In Rhode Island, concern over the tracking of students with RFID became more galvanized in winter 2008, following a proposed pilot of RFID technology at the Middletown School District, in January of that year. The school district launched the pilot of an RFID-GPS system to address concerns raised by parents after a bad snowstorm in December 2007. At that time, inclement weather had tied up traffic one afternoon and evening, leading school buses to deliver students to their homes many hours late. The concern raised at that time was that parents simply did not know if the bus had picked up their children, if the kids were still on the bus, and where the vehicle was.

The pilot project was intended to address that issue. For the pilot, about 80 Aquidneck Elementary School students were provided with passive RFID tags, to carry in their book bags. An RFID interrogator was installed on a single school bus to capture the tags' ID numbers as the students entered and left the vehicle. The goal was to eventually provide every bus with an RFID reader containing a GPS receiver, so that the system could identify the bus' location in real time. Parents or school officials would then be able to log onto a school Web site in order to determine whether and when a particular child had entered or exited a bus, and to view that vehicle's present location. The system was never deployed beyond the pilot stage, however, due to budgetary concerns.

That pilot raised both privacy and safety concerns, says Amy Vitale, Rhode Island ACLU's program coordinator. "This is not a failsafe technology," she explains, noting that individuals could purchase RFID readers online, and potentially use them to capture children's ID numbers and track them—for example, in the case of a predator stalking a child. What's more, she notes, the use of RFID might be a privacy concern, since it allows school districts to monitor the movements of individual children.

The use of RFID in a system like the one piloted (but not permanently deployed) by Middletown could also lead to a sense of complacency, Ciccone says. If the tag is in a student's book bag—if that child leaves the book bag behind on a bus, for example—parents and the school district would be misled regarding their assumption that the student were on the bus.

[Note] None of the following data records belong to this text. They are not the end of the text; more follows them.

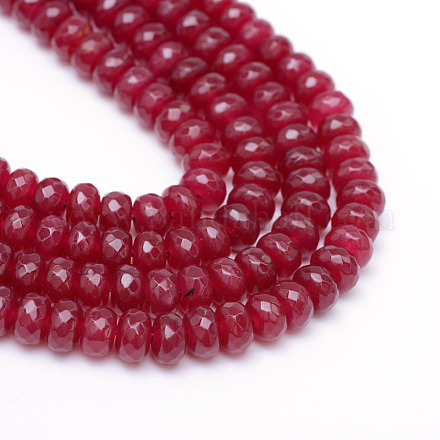 Faceted Rondelle Dyed Natural White Jade Bead Strands X-G-R343-6x8-07-1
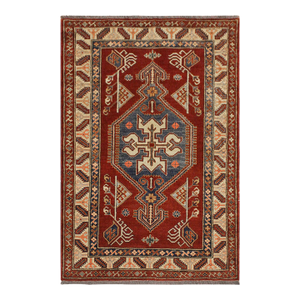 Tribal Super Kazak Rust/Tan Wool Rug - 4'0'' X 5'5''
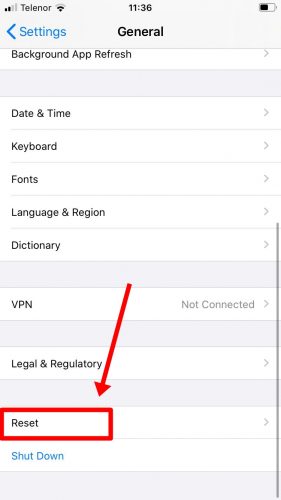Click on Reset - how to detect spyware on iPhone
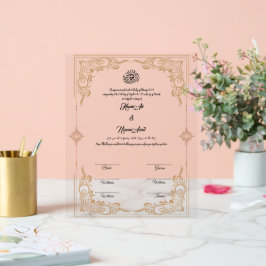 Muslim Wedding Contract Acrylic Acrylschild
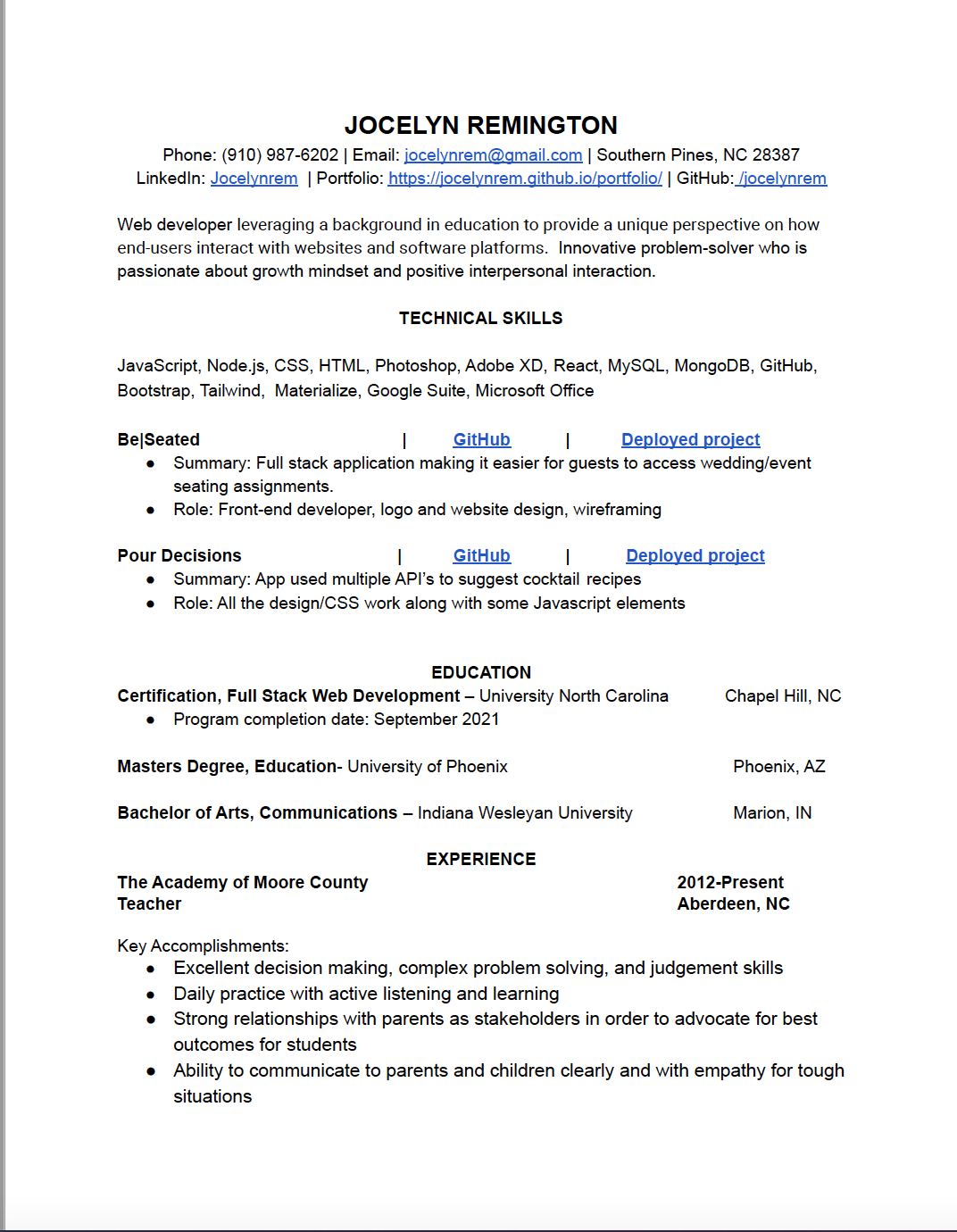 Preview of Jocelyn Remington's resume. Opens the full resume in Google Docs.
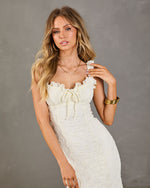 Romantic Prairie Floral Knit Crochet Maxi Dress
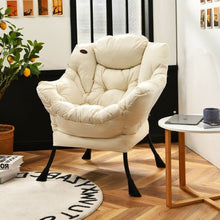 Load image into Gallery viewer, Upholstered Contemporary Cushioned Accent Chair with Side Pocket in Beige
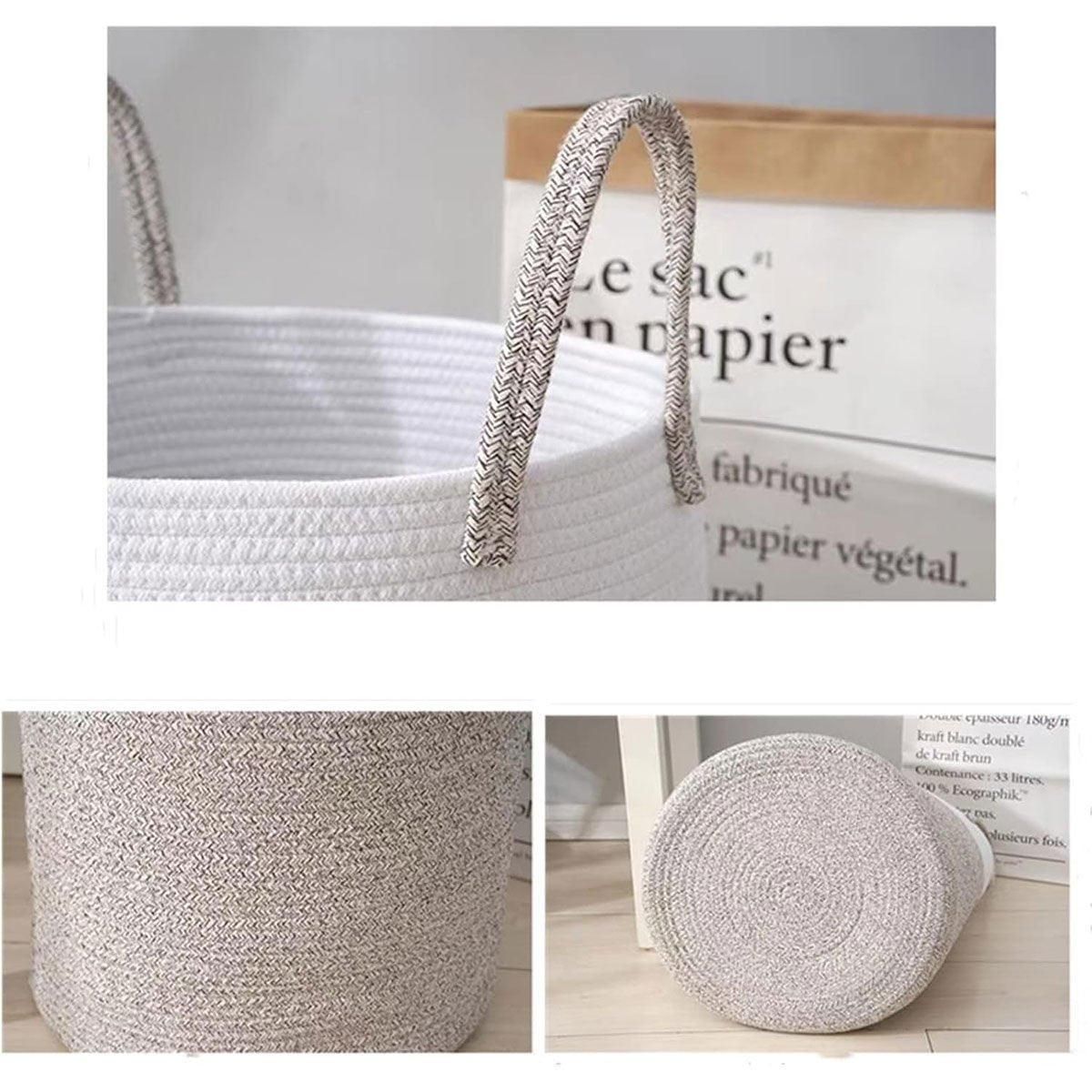 Woven Cotton Rope Storage Basket Foldable Laundry Bin Bamboo Clothes Organizer - Khaki Black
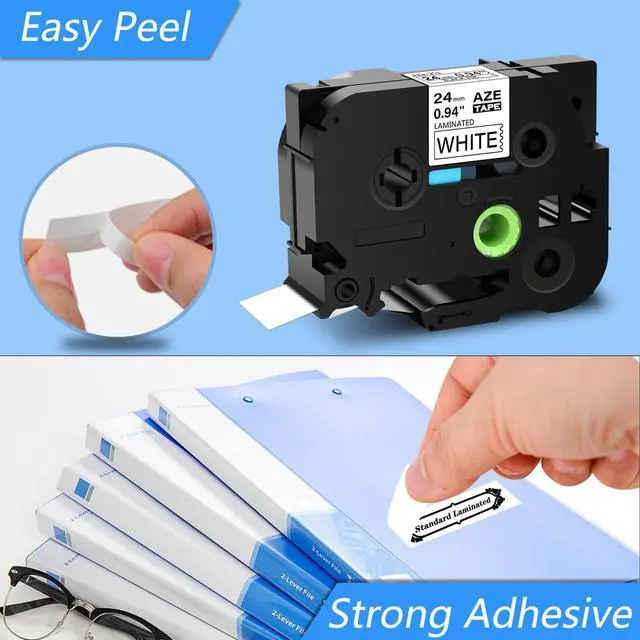 Alt view image 3 of 7 - GREENCYCLE 2PK Black on White TZe-251 TZ-251 TZe251 TZ251 Laminated Label Tape for Brother P-touch Label Maker(24mm x 8m)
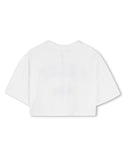 White Varsity Logo Cropped Tee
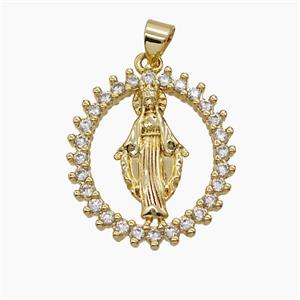 Copper Virgin Mary Pendant Pave Zirconia 18K Gold Plated, approx 21-24mm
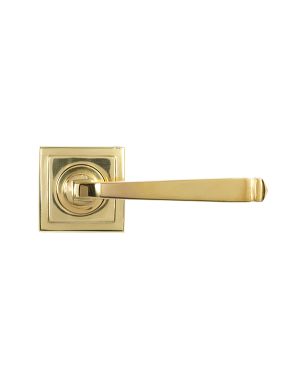 Polished Brass Avon Round Lever on Rose Set (Square)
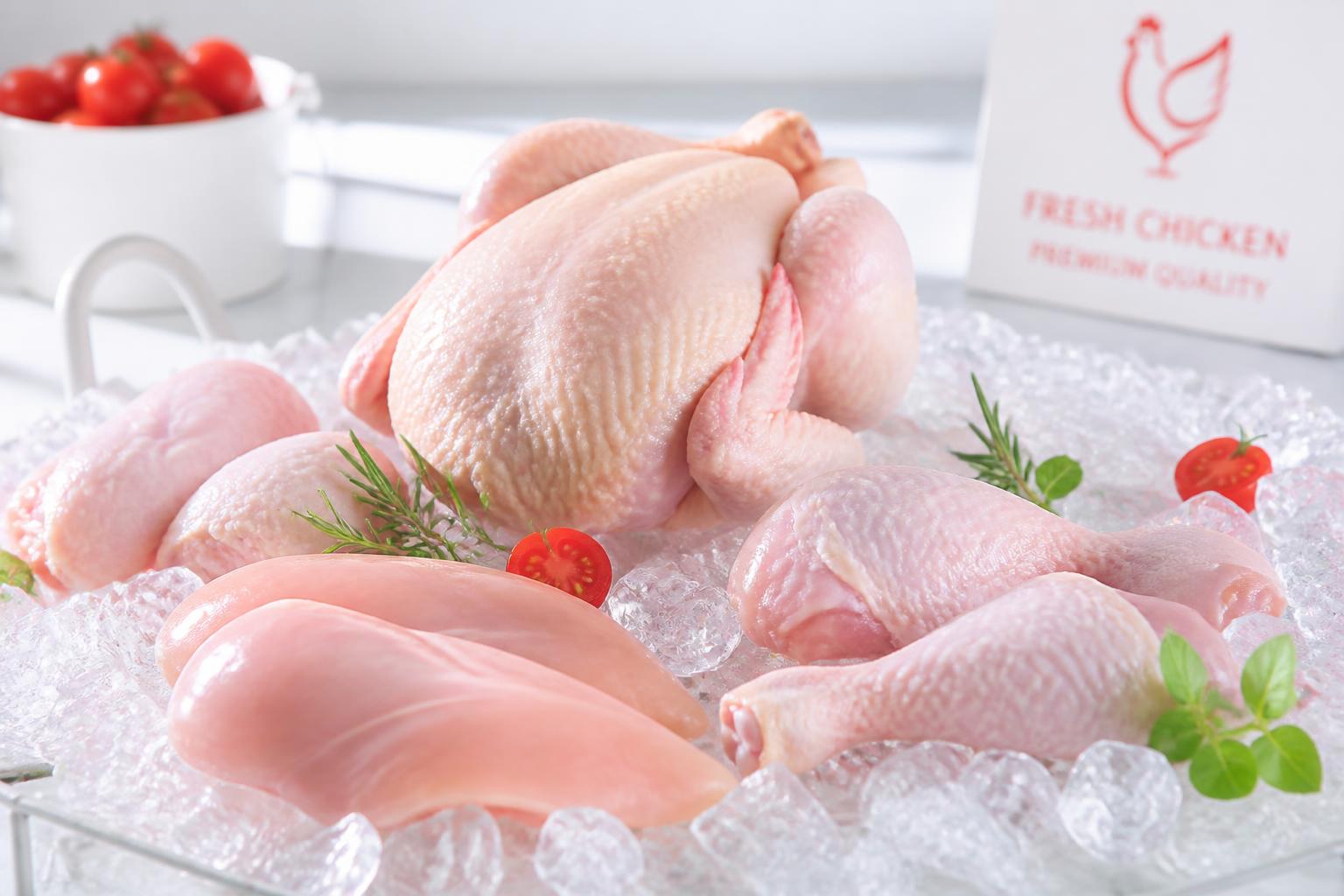 Fresh premium chicken cuts and whole chicken on ice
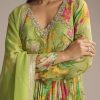 Light Green Chinon Anarkali Suit With Floral Print
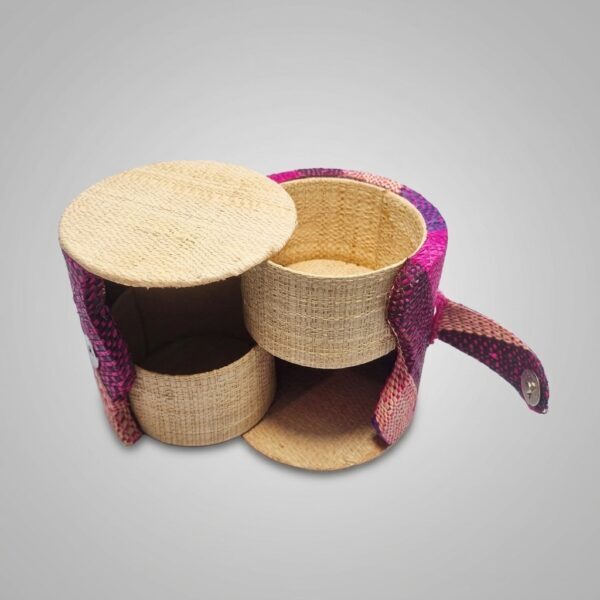 Boîte à Bijoux Ronde 2 Étages en Raphia Tressé - Multicolore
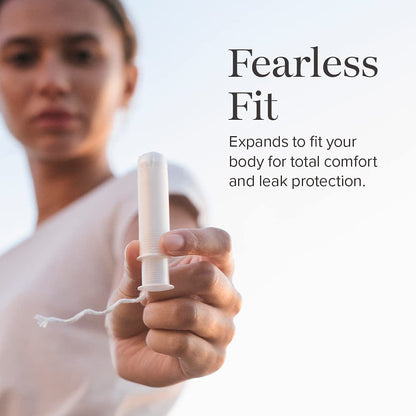 Cora Organic Applicator Tampons | Light Absorbency | 100% Cotton Core, Unscented, BPA-Free Compact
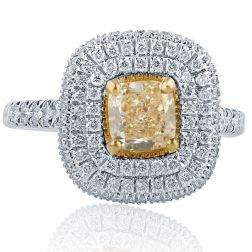 1.97 Ct Cushion Cut Yellow Diamond Engagement Ring 18K White Gold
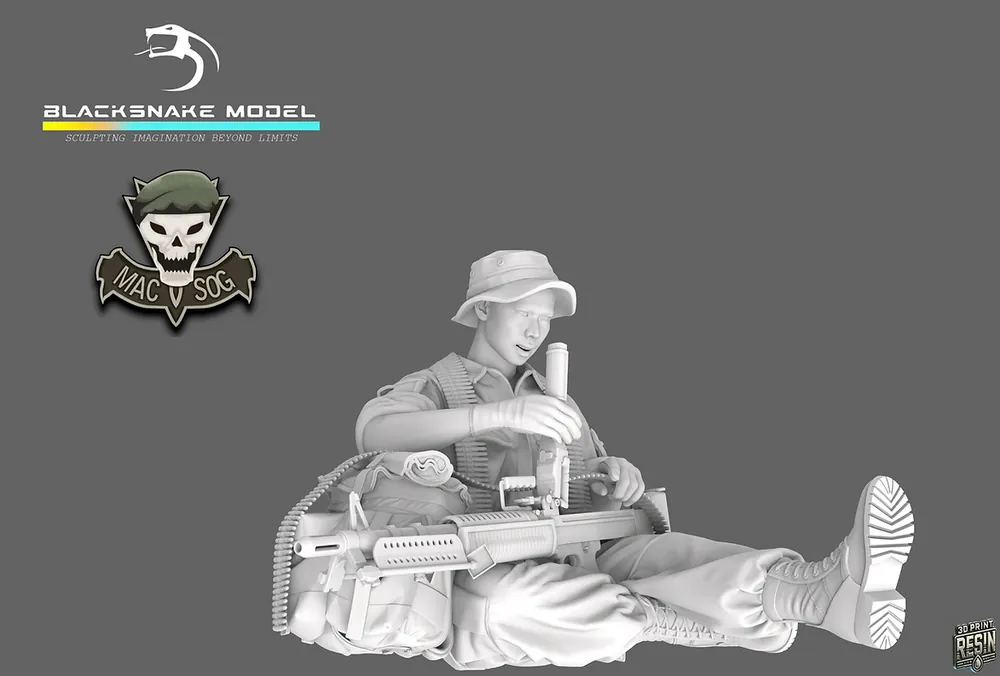 BlackSnake Model SOG-11-16 US Vietnam War MACV SOG Soldier 11 (1 Figure) Expédié Aujourd'hui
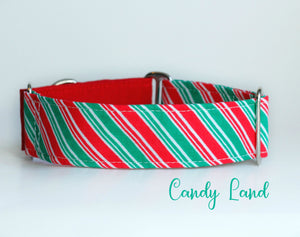 Two Tone Candy Cane Martingale Dog Collar - Ship Ready, 1.5" Wide, Size Large 13-17"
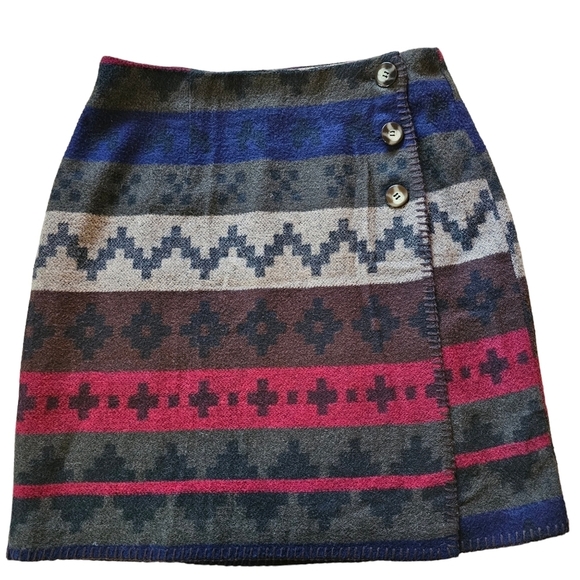 Vintage Tracy Evans LTD 3 Button Wool Blend Aztec Southwestern Wrap  Mini Shirt - Picture 1 of 10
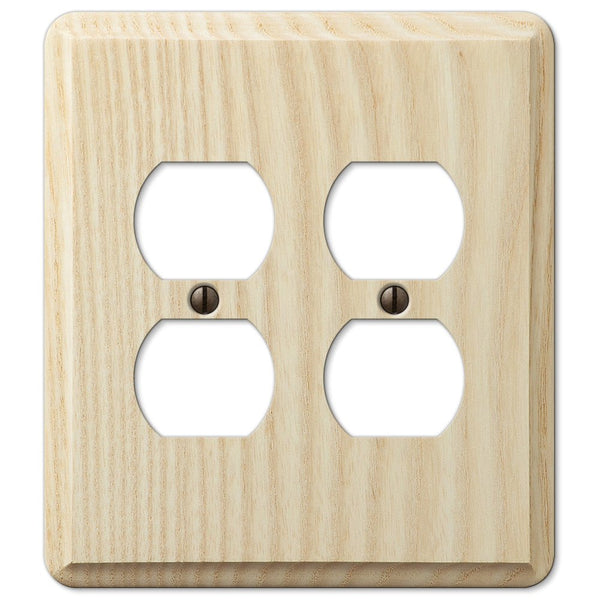 Contemporary Unfinished Ash Wood - 2 Duplex Wallplate - Wallplate Warehouse 401DD 070686576977 2 Duplex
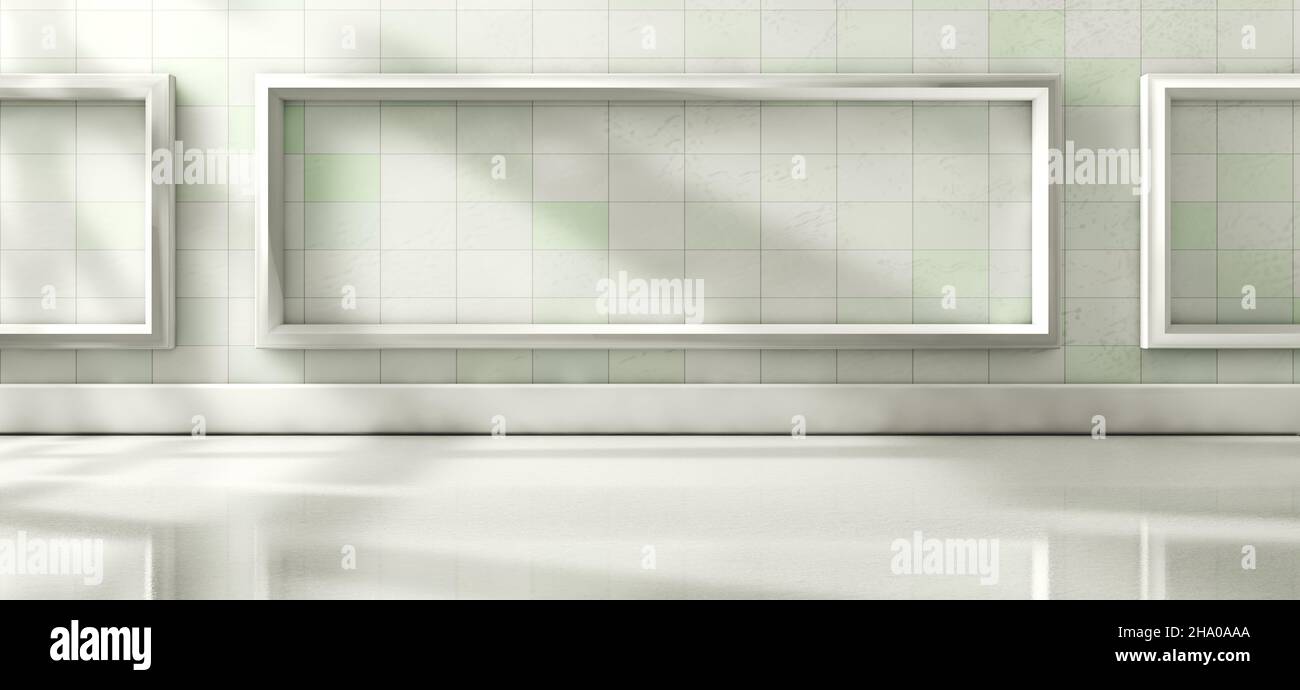 Architecture de maison, plancher en bois blanc et mur blanc.3D illustration.lumière du soleil à travers la fenêtre et intérieur pièce arrière-plan de la maison. Banque D'Images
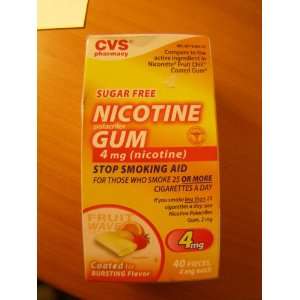  CVS Nicotine Polacrilex Nicotine Gum Fruit Wave Sugar Free 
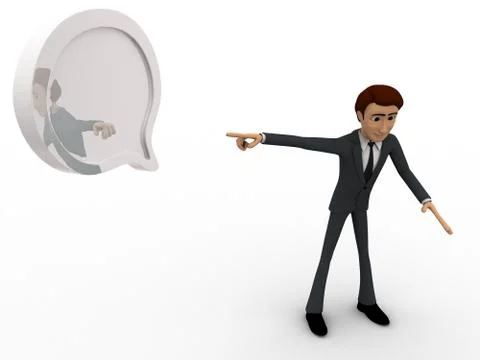 3d man pointing at  chat bubble concept Stock Illustration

Despite lawmakers' attempts to address each of the governor's previous concerns, Ciccone argues that Carcieri vetoed the most recent bill without clearly stating his objection. The governor did not mention the issue of tracking data from vehicle toll collection at all, Ciccone notes, adding, "I wonder if he even read the entire bill."

Ciccone says he will meet with the ACLU before planning when or if the bill will be reintroduced. Carcieri's term as governor ends in January 2011. At that time, Vitale says, the legislature might have more success in reintroducing the bill.